◆ Your task ◆
Under this line is a listing; return exactly the lines starting at the one with "ARDELL Trios Kit Naked Lashes" and running down to the one with "Early 20th Century", and leave out its pictures.

*** Opening of Exercise input ***

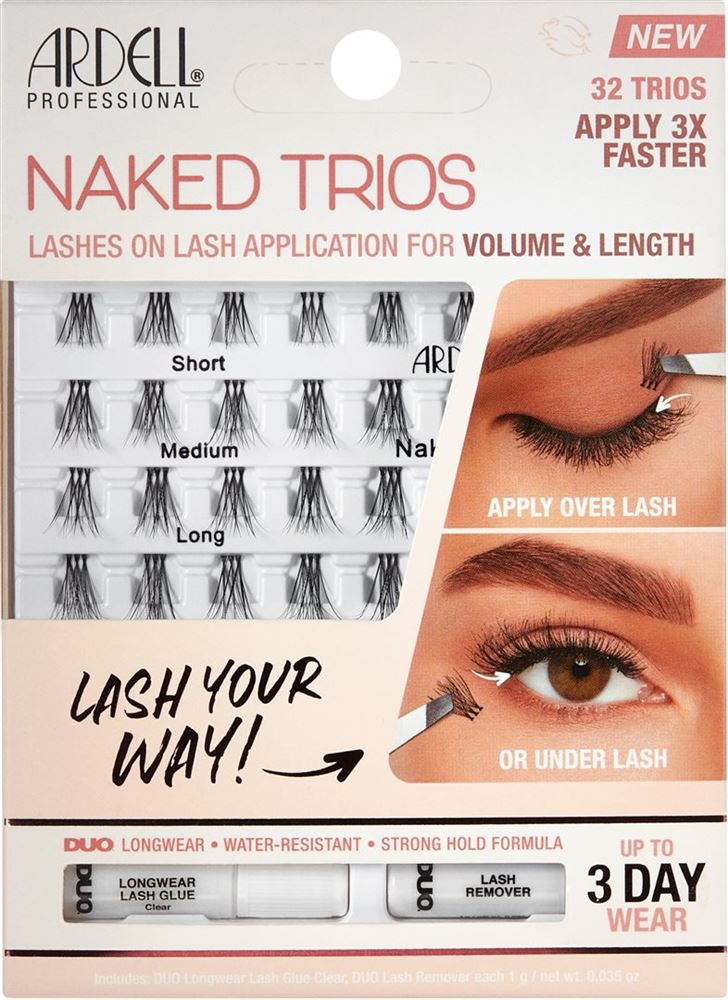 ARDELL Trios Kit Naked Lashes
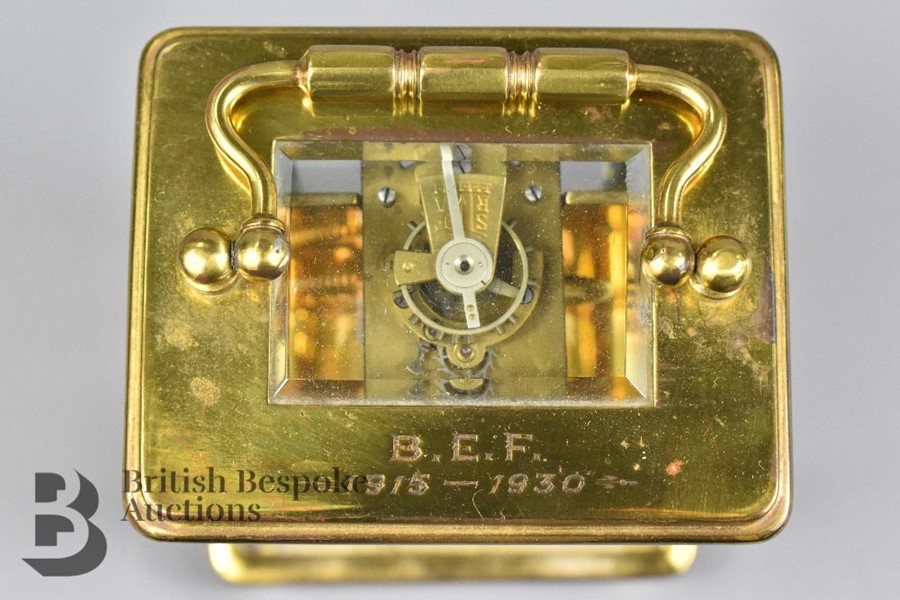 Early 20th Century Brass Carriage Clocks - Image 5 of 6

*** Close of Exercise input ***
*** Opening of Exercise input ***

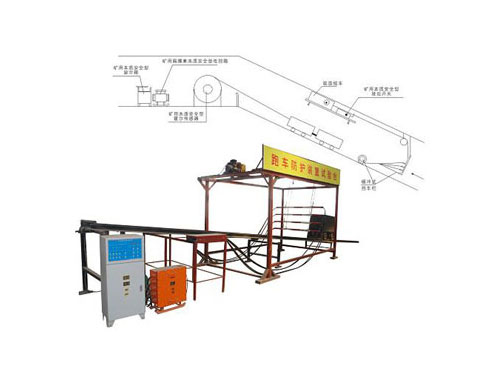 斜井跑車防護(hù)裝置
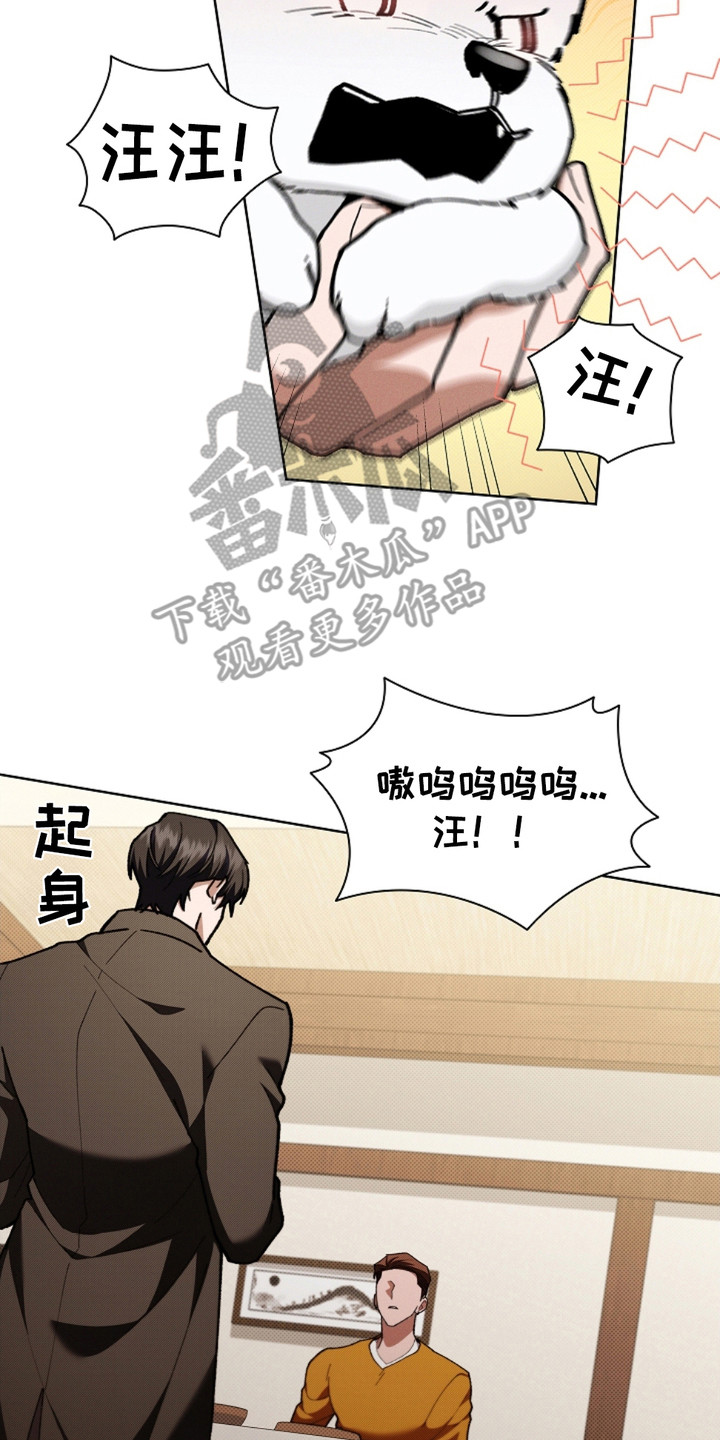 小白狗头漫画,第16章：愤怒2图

*** Close of Exercise input ***

◆ Finished task ◆
 ARDELL Trios Kit Naked Lashes
 Early 20th Century Brass Carriage Clocks - Image 5 of 6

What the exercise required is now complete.